= Requirement =
Write out exactly, with both ends included, the lines that run from the line containing "White peafowl or" to the end of the entries. Pictures are not part of the answer.

Dataset records START

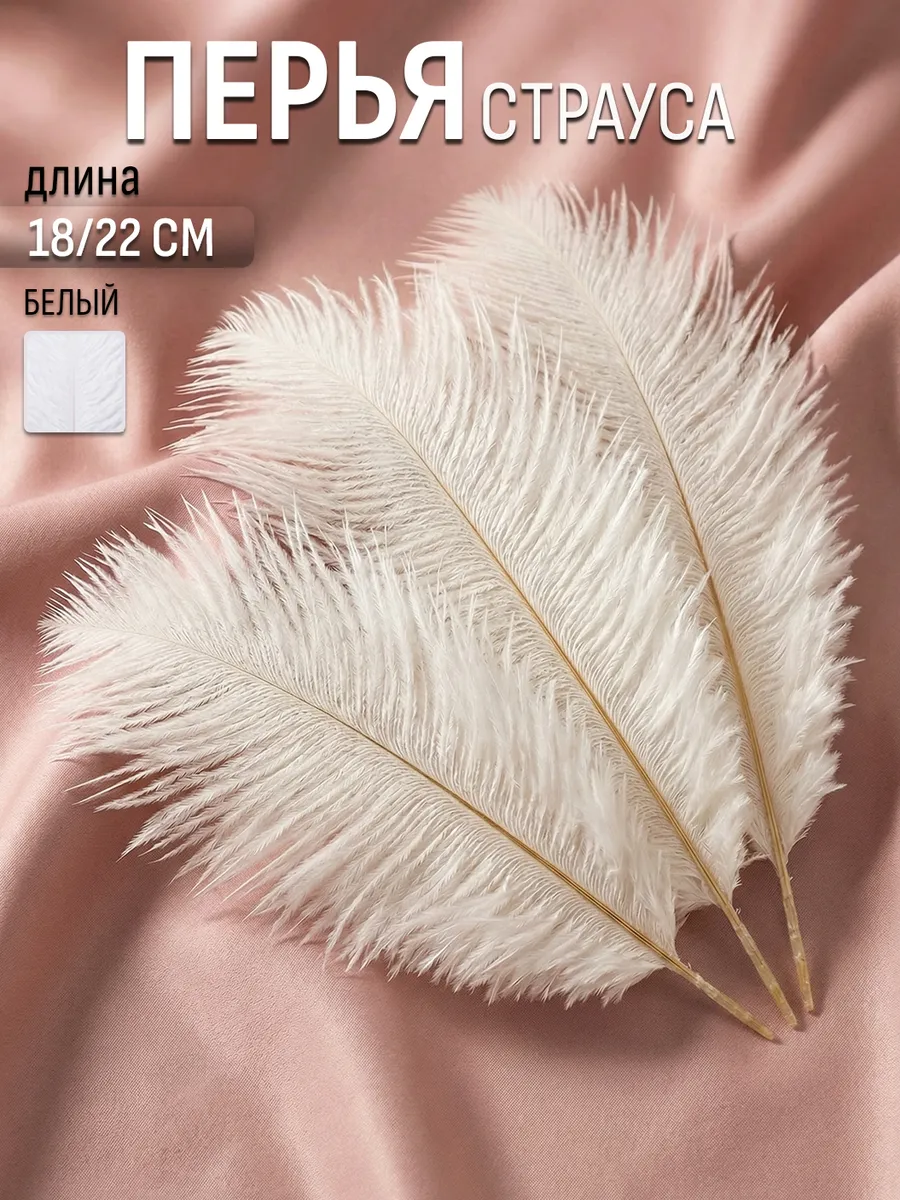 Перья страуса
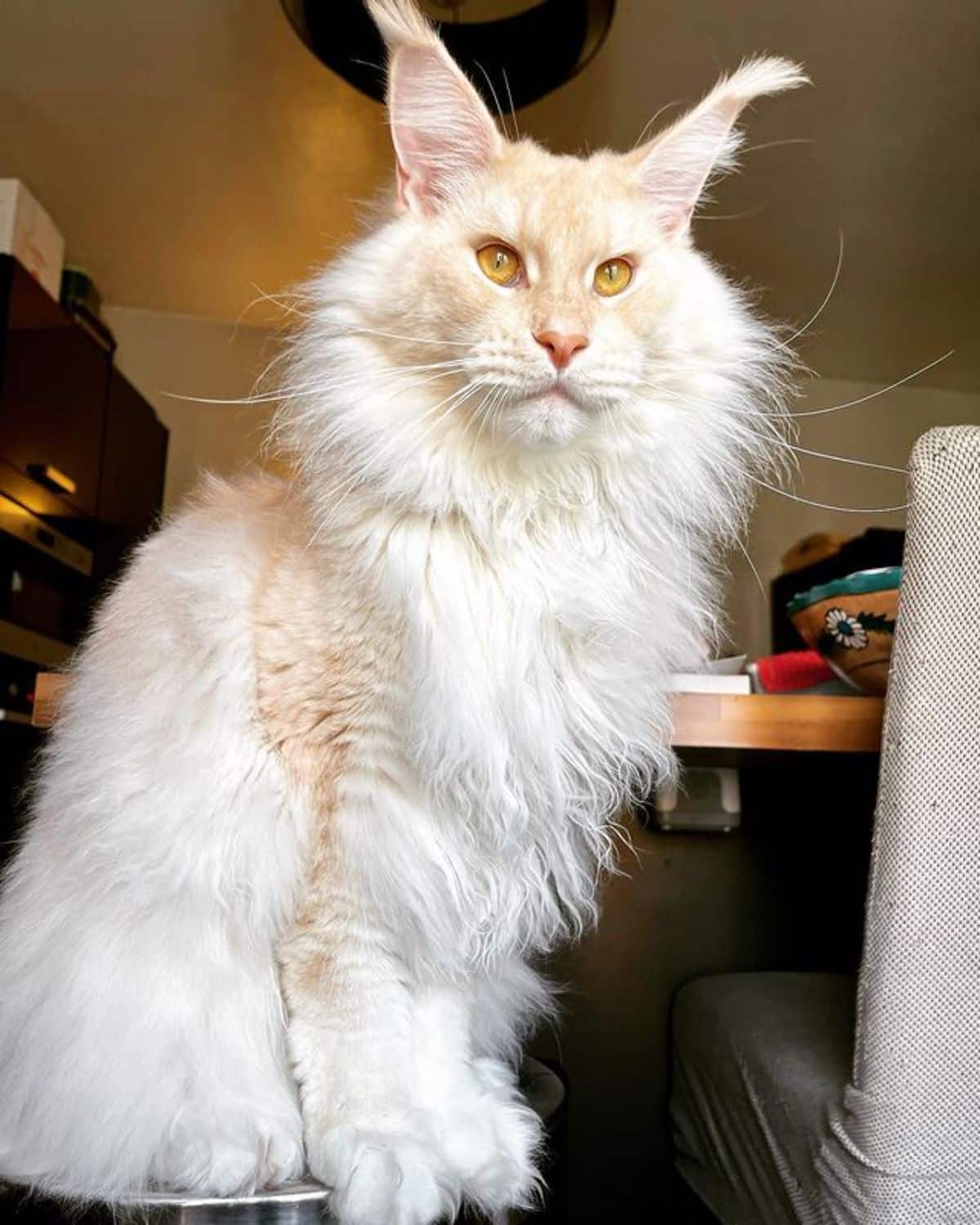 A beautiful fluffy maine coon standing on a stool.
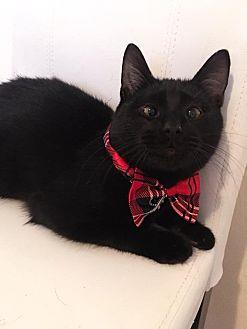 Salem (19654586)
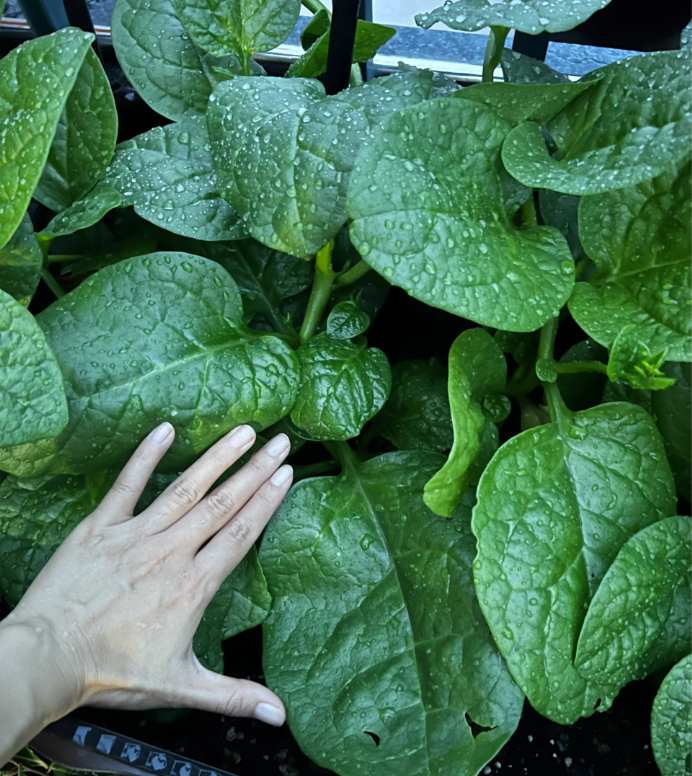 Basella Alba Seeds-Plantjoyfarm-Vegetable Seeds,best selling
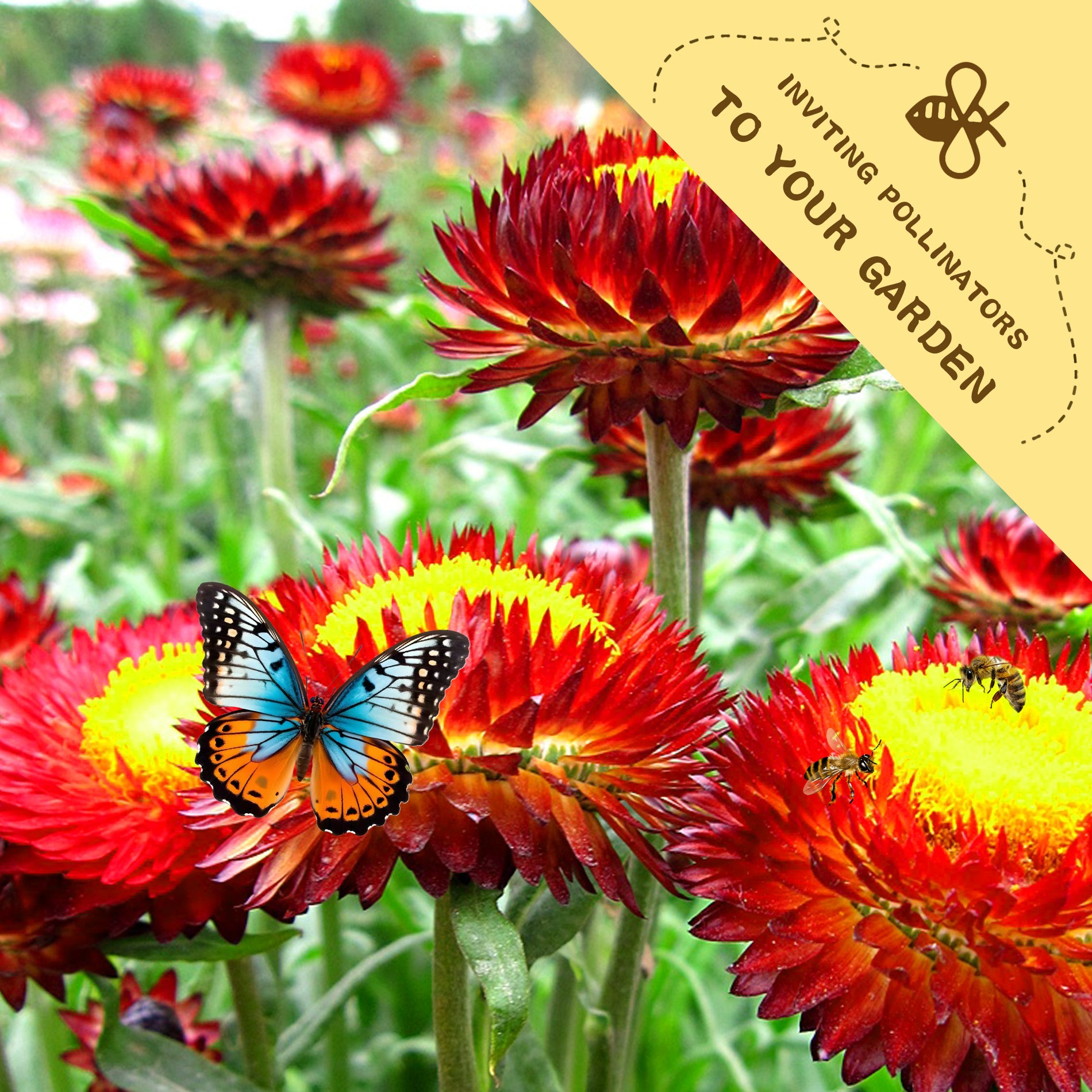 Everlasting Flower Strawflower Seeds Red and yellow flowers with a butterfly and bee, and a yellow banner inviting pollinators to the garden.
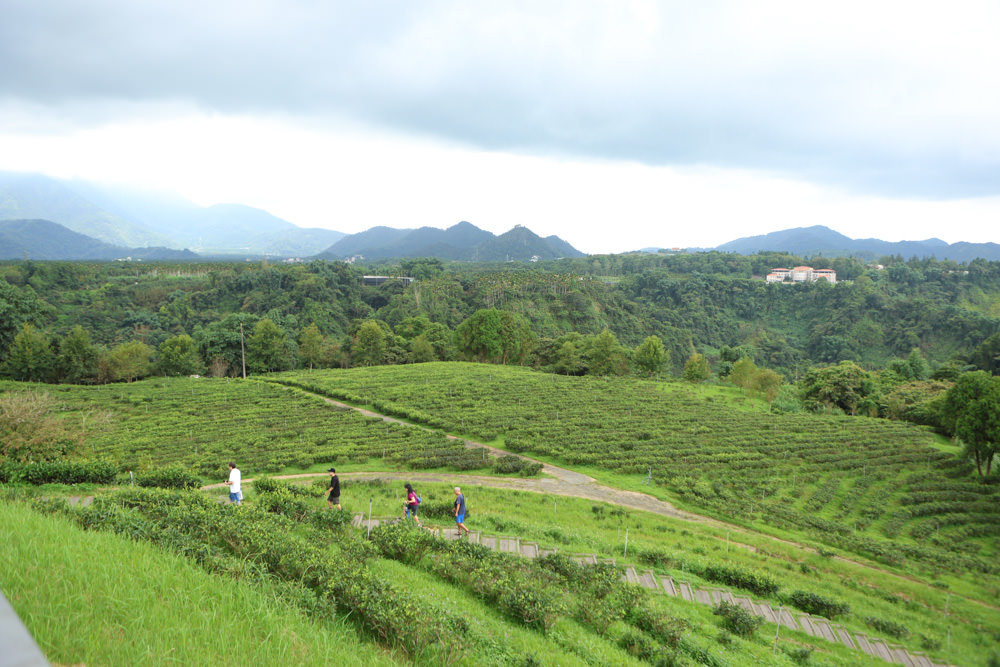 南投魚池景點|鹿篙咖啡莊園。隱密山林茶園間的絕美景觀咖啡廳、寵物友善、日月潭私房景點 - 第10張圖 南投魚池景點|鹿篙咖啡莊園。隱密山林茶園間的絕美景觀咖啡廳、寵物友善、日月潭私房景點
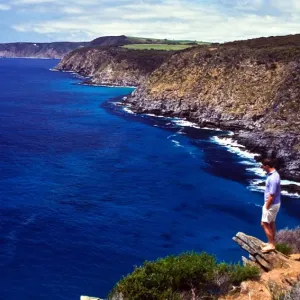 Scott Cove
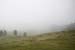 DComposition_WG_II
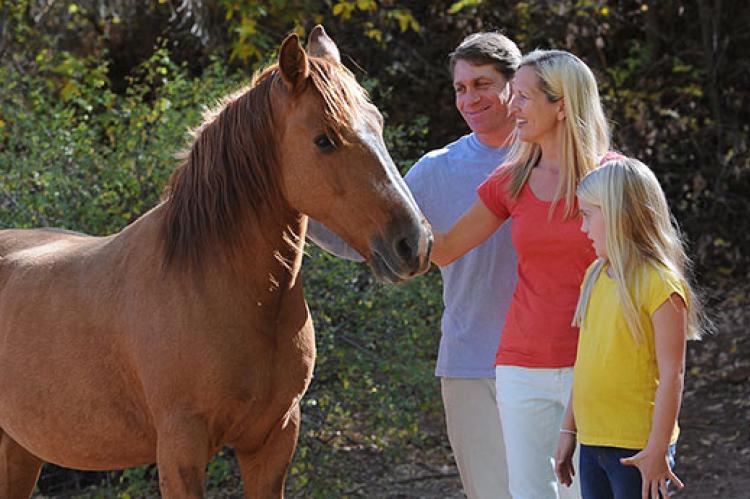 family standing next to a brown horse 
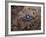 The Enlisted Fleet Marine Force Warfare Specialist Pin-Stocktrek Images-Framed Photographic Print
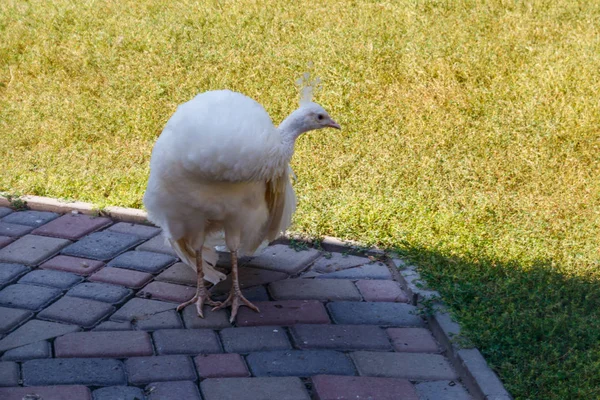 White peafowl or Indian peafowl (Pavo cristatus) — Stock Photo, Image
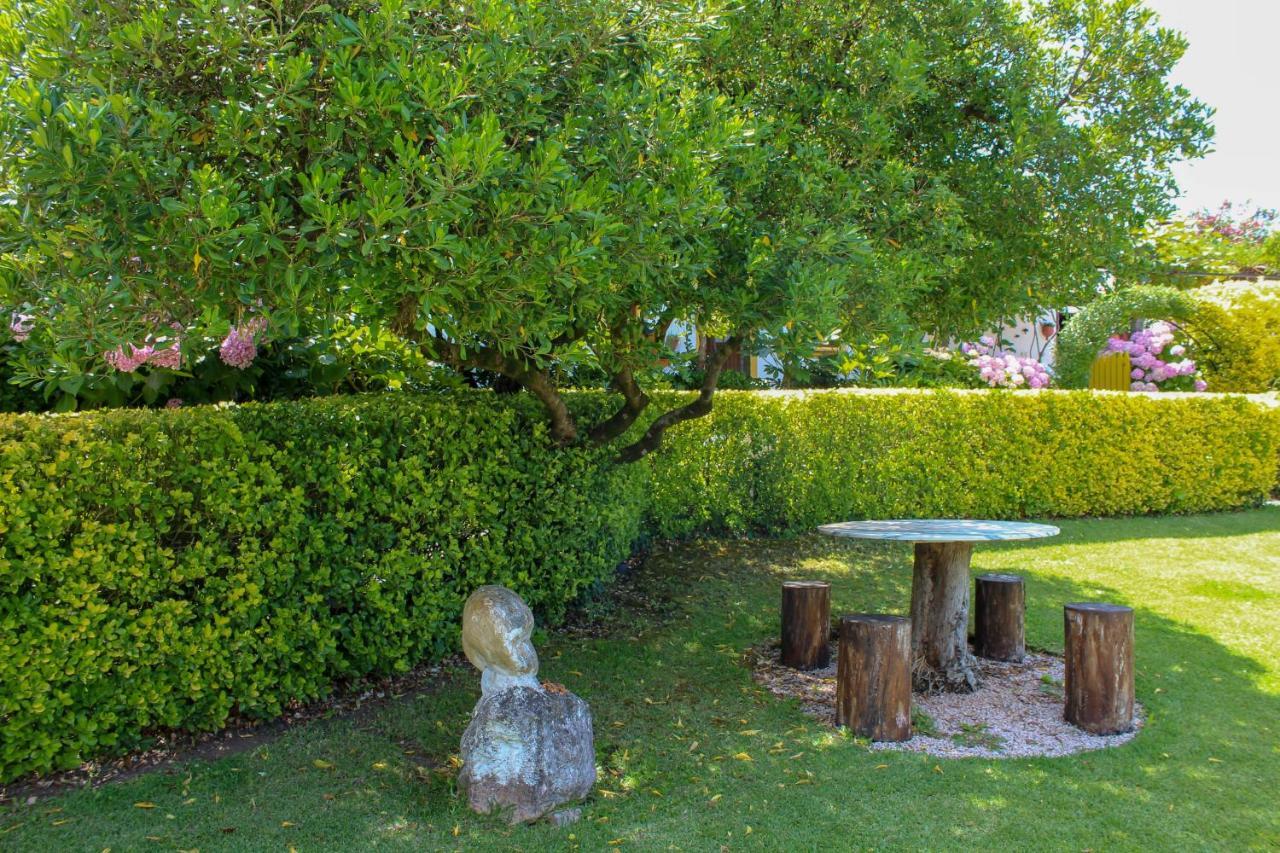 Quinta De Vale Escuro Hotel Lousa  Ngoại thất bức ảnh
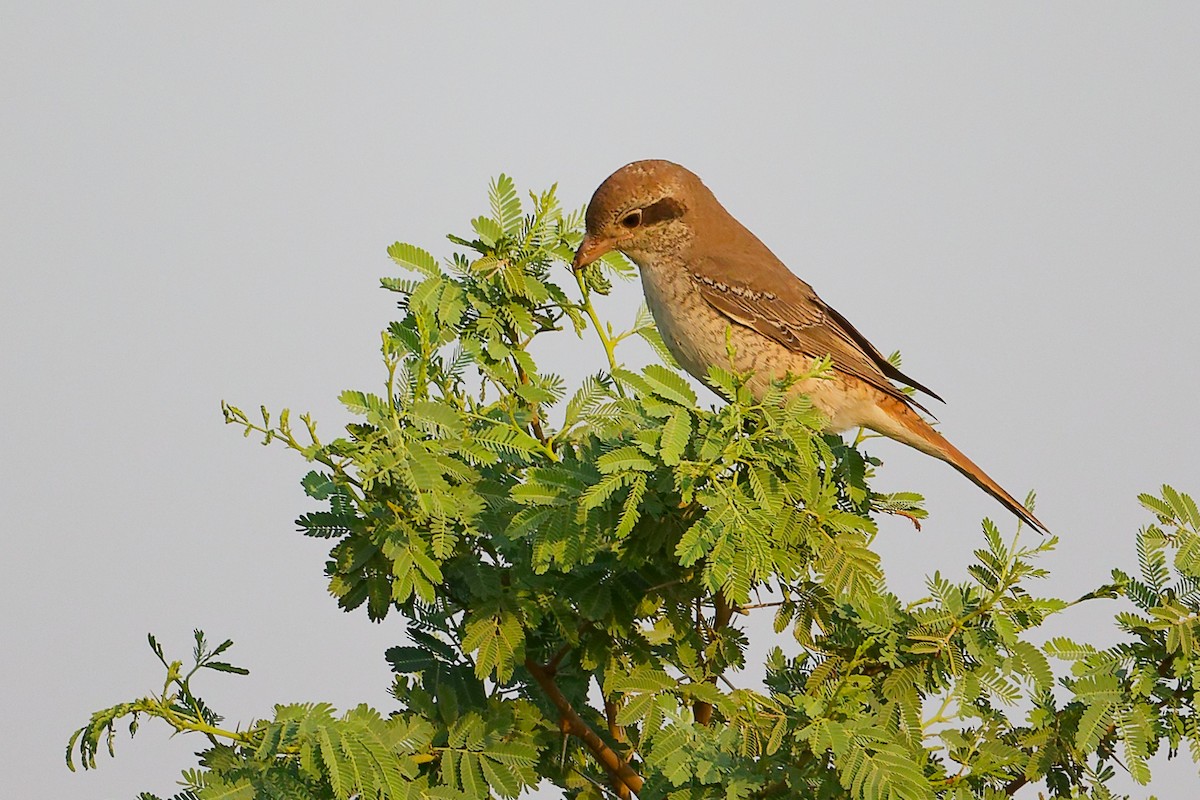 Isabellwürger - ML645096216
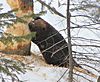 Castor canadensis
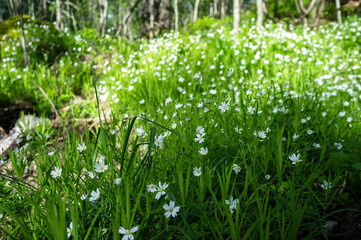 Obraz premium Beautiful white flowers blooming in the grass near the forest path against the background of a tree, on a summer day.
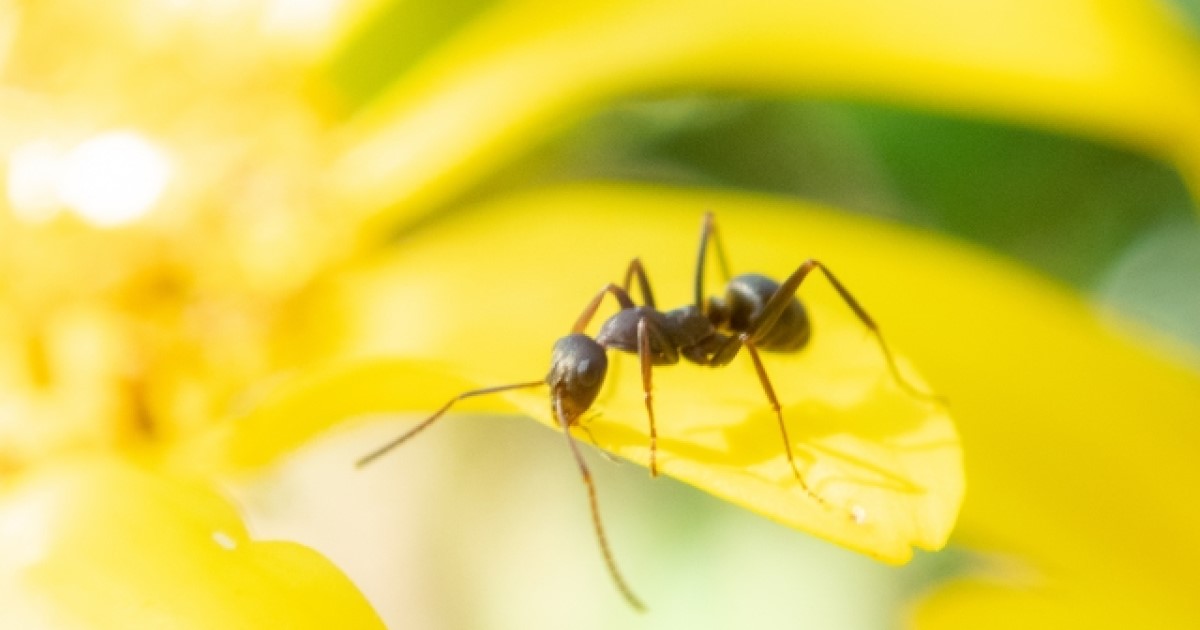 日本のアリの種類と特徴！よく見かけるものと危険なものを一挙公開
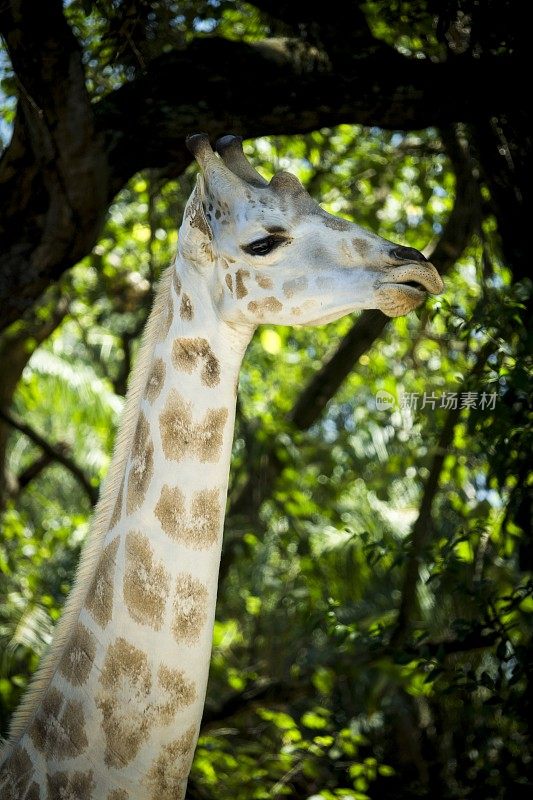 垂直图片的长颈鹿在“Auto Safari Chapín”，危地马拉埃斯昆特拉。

Dataset records END

= Result of this task =
 White peafowl or Indian peafowl (Pavo cristatus) — Stock Photo, Image
 Quinta De Vale Escuro Hotel Lousa  Ngoại thất bức ảnh
 Isabellwürger - ML645096216
 Castor canadensis
 Obraz premium Beautiful white flowers blooming in the grass near the forest path against the background of a tree, on a summer day.
 日本のアリの種類と特徴！よく見かけるものと危険なものを一挙公開
 垂直图片的长颈鹿在“Auto Safari Chapín”，危地马拉埃斯昆特拉。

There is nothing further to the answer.